Don Conrad, Core Leader
Co-Investigators: Suzanne Fei and Robert Searles
The Portland Alcohol Research Center (PARC) research projects will generate large amounts of gene expression and epigenetic data from multiple species and treatment conditions. The Bioinformatics Core will play an integral role in the management and analysis of these data, enabling the identification of genomic markers of alcohol exposure and risk for alcohol addiction. The key functions of C002 will be to provide foundational analyses to enable the primary endpoints within each project, provide higher-order inference by integrating data across PARC projects, and to augment these analyses by integration of PARC data with publicly available data resources. C002 will work with PARC investigators to design, troubleshoot, and execute best-practice computational analysis pipelines appropriate for the primary endpoints for each project. The core’s experimental design and analysis services include: 1) Bioinformatics such as DNA-and RNA-seq read alignment, differential expression and pathway analysis, methylation and epigenetic analyses, data integration, and custom script writing; and 2) Biostatistics such as biomarker, longitudinal, survival, and high-throughput/high-dimensional omics analysis. Services under these two categories are often integrated during a given study. Each analysis is customized to best fit the needs of the project and investigator. Furthermore, C002 will augment individual PARC projects by bespoke integration of big data resources available in the public domain. C002 will download and organize available single-cell RNA-sequencing (scRNA-seq) data from relevant mouse brain regions, creating an atlas of cell type-specific expression that can be used for fine-mapping the cell types driving differential expression patterns observed in P001 and P002. Likewise, C002 will host publicly available epigenetic information from human and mouse, which will allow expression and methylation in Projects P001-P004 to be annotated and contextualized with a much larger set of genomic annotations (e.g.
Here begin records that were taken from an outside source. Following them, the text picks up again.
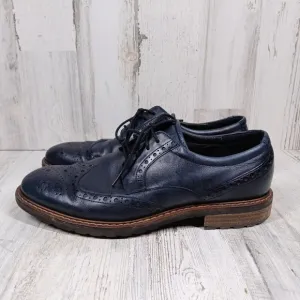 Ecco Navy Blue Leather Wingtip Oxford Dress Shoes Men’s Brogue Detail #1085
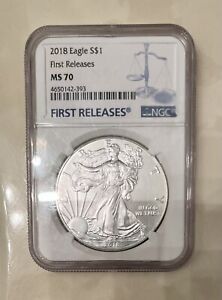 NGC 2018 EAGLE SILVER DOLLAR MS 70 FIRST RELEASE COIN 🪙 $$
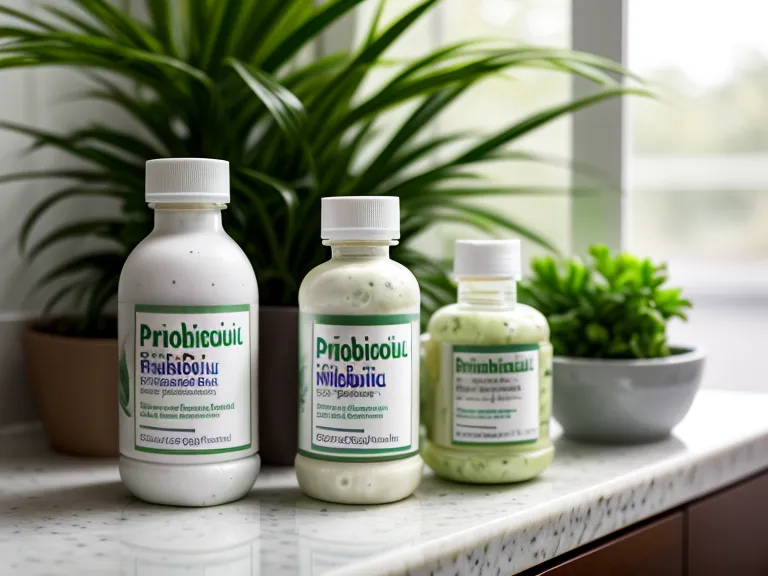 A woman's hand holding a bottle of PrimeBiome probiotics in a minimalist bathroom.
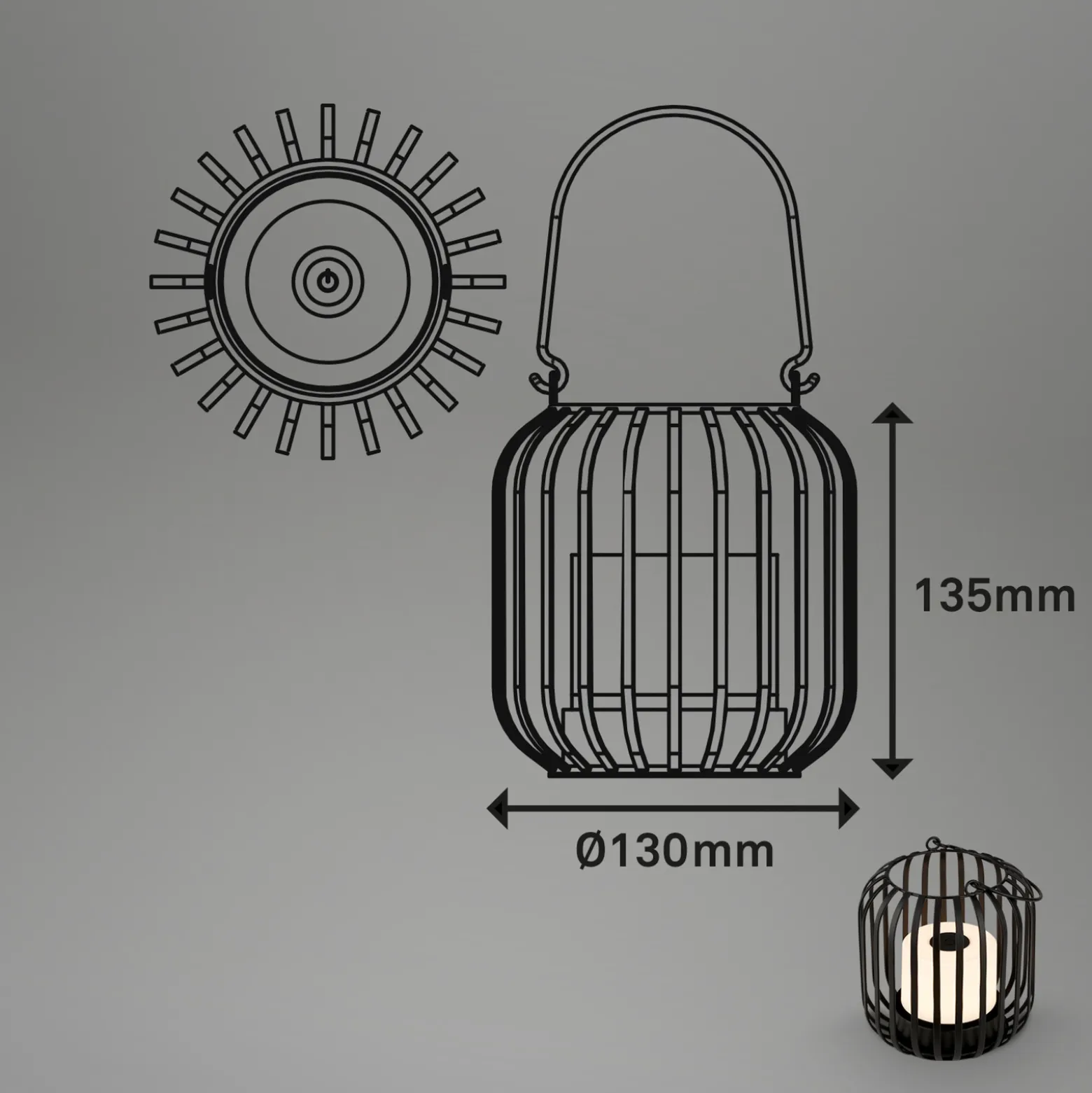 LED-akkupöytävalaisin 7279 IP44, metallikori musta
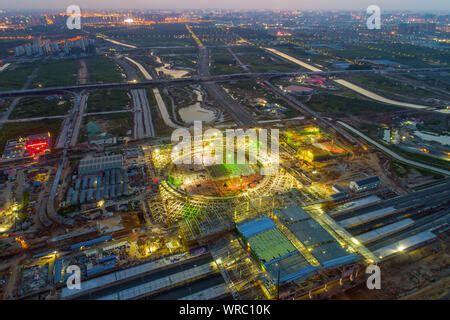 An Aerial View Of The Huai An East Railway Station Under Construction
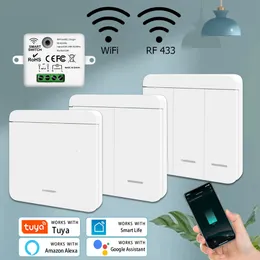 Tuya WiFi Smart Switch för belysning RF 433MHz trådlös switch 86 Wall Panel Smart Home Timer Voice Control Google Home Alexa 240108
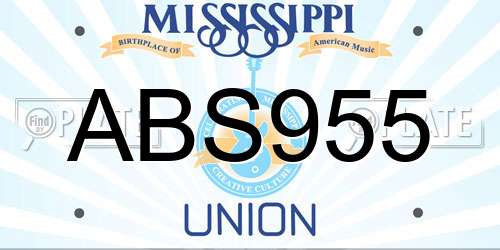 ABS955 Mississippi License Plate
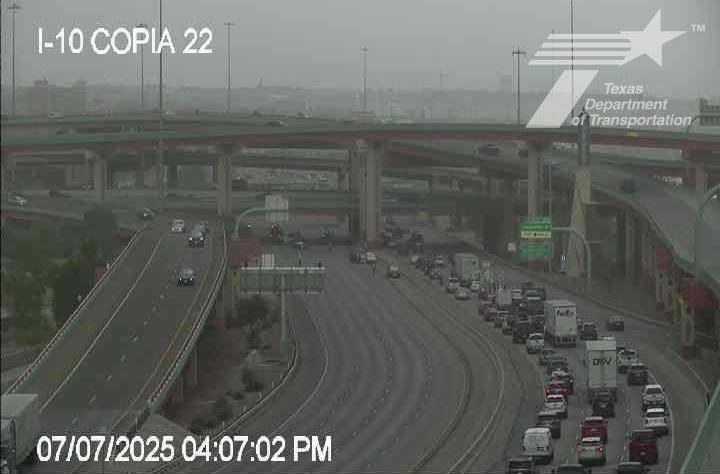 Interstate 10 West near Copia Street was shut down about 1:10 p.m. Monday, July 7, 2025, after four El Paso Police Department officers were involved in a crash on the highway.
ChIP-seq, ATAC-seq, etc). Finally, C002 will perform cross-project integration by searching for signals that may be shared across species, first by assessing for common gene sets or pathways identified in mouse and macaque experiments, and, as a final translational step, assessing the convergence of PARC-based insights with the vast amount of human genetics data emerging on Alcohol Use Disorder.
This Core supports all four Center research Projects, several other NIH grants (R01, R37, U01, K01, F31 and F32) and VA grants focused on alcohol research, and training our students and postdocs in statistics, computation, and bioinformatics.